When your spouse criticizes you, when your spouse corrects you, are you defensive or do you listen? You say, "Now, wait a second, Dennis, we're talking about the big stuff, you know, imprisoned. Let's not go to my house." Are you teachable? As a single person, when someone corrects you, are you defensive? You see, those little tests could be preparation for a larger test that's just around the corner for you. Humility and integrity are non-negotiables in the midst of any trial.
Number seven – forgive those who wound you. Forgive those who wound you. Jesus was asked how many times shall we forgive? Seven times 70 – forgive those who spitefully use you. In your extended family, those who have never liked you – keep loving them and forgive them. Forgiveness is not optional; it is a command of Scripture. And there will be those, trust me, in your life who will hurt you repeatedly. They will create a wound in your heart that you could swear, as long as you live, it would never heal. Maybe it will be a deceitful wife, perhaps adultery, but the issue is we must forgive because we have been forgiven. Forgive those who wound you. If you do not forgive, the suffering you are going through will be doubled, because then you'll be carrying the burden of resentment in addition to the weight of suffering.
Number eight – God wants to create holy scars. God wants to create holy scars. The concept of holy scars comes from a good friend of mine, Dan Jarrell, pastor of a church in Anchorage, Alaska. I believe it's the message of Scriptures. God wants to create holy scars in your life and mine. Amy Carmichael wrote – "No wound? No scar. Yet, as the Master so shall the servant be. Can he have followed far who has no wound, no scar?" Was our Savior wounded? Was He scarred? The Bible makes a point of it. The nail prints in His hands are holy scars. It purchased our redemption. And although my scars may not be in my hands or in my side or in my feet as my Savior's were, there may be some hidden scars of my heart and in your heart, that if you let Him take those wounds and heal them, they can become holy scars – holy scars.
Ted Engstrom describes a number of men and women who have these kinds of scars. Cripple a man, and you have Sir Walter Scott; lock him in a prison cell, and you have John Bunyan; bury him in the snows of Valley Forge, and you have George Washington; raise him in abject poverty, and you have Abraham Lincoln; strike him down with infantile paralysis, and he becomes Franklin Delano Roosevelt; burn him so severely in a schoolhouse fire that doctors say he'll never walk again, and you have Glen Cunningham who set the world record in 1934 by running a mile in four minutes and six seconds; have him or born black in a society filled with racial discrimination, and you have Booker T. Washington, Harriet Tubman, Marian Andersen, George Washington Carver, or a Martin Luther King; call him a slow learner, retarded, write him off as un-educatable, and you have Albert Einstein. And we could add our own modern-day saints to that list of Corrie Ten Boom and Alexander Solzhenitsyn, whose classroom was their prison; Dietrich Bonhoeffer or maybe a wheelchair for Joni Erickson Tada. God wants to create holy scars.

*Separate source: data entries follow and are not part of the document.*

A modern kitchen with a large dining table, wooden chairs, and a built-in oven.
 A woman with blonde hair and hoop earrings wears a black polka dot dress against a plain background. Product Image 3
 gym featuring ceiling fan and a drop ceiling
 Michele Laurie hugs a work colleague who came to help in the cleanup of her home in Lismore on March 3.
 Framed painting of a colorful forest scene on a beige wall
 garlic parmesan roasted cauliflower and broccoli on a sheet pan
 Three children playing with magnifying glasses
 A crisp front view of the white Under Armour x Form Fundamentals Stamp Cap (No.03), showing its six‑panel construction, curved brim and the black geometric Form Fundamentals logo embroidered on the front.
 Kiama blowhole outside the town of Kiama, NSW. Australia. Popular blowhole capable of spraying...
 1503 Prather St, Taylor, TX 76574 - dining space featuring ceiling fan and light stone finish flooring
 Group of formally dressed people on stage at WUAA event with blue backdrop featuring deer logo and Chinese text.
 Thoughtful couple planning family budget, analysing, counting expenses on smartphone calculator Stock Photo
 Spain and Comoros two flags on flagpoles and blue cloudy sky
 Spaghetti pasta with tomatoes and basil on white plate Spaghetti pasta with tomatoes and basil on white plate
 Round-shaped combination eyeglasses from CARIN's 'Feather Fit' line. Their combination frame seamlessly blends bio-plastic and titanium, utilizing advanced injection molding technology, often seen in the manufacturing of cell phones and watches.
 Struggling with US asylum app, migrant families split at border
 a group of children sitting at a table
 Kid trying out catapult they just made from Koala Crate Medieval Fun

Spurgeon reminds us "The Lord gets His best soldiers out of the highlands of affliction." The Lord gets His best soldiers out of the highlands of affliction. In the battle near the front lines could it be He is making you even more battle worthy if you let Him? Can He turn your wound into a holy scar?
Number nine – it's about knowing God and glorifying Him, and I purposely saved this for last. Never forget it's about knowing God and glorifying Him. Psalm 119, verse 67 – Psalm 119, verse 67, 71, and 75 – "Before I was afflicted I went astray, but now I keep Your Word." Verse 71 – "It is good for me that I have been afflicted that I may learn Your statutes," and verse 75 – "I know, O Lord, that Your judgments are right and that, in faithfulness, You have afflicted me. Let, I pray, Your merciful kindness be for my comfort according to Your Word to Your servant." Turn back one book to the Book of Job, the last chapter of Job – the great summary to Job's life. Most of you have read this, but it is worth repeating – Job 42, verses 1 through 6. Remember, this is at the end of Job's life. This summarized his suffering – "Then Job answered the Lord and said, 'I know that You can do everything and that no purpose of Yours can be withheld from You.' You ask, 'Who is this who hides counsel without knowledge?' Therefore I have uttered what I did not understand. Listen, please, and let me speak."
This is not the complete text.